Material provided.

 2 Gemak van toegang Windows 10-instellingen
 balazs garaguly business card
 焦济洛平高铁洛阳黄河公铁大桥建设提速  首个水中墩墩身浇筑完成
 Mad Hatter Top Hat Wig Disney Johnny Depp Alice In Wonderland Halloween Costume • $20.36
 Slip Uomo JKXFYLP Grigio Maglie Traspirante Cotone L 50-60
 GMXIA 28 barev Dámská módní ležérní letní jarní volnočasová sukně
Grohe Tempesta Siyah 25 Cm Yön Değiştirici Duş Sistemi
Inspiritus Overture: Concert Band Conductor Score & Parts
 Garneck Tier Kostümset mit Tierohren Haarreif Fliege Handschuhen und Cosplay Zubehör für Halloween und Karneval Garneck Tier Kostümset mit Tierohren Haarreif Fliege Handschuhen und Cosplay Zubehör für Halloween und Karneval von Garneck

Brief. An exact copy is required of each line from the one containing "Grohe Tempesta Siyah" through the last line of the material, and of no other line.

Result of the exercise.
Grohe Tempesta Siyah 25 Cm Yön Değiştirici Duş Sistemi
Inspiritus Overture: Concert Band Conductor Score & Parts
 Garneck Tier Kostümset mit Tierohren Haarreif Fliege Handschuhen und Cosplay Zubehör für Halloween und Karneval Garneck Tier Kostümset mit Tierohren Haarreif Fliege Handschuhen und Cosplay Zubehör für Halloween und Karneval von Garneck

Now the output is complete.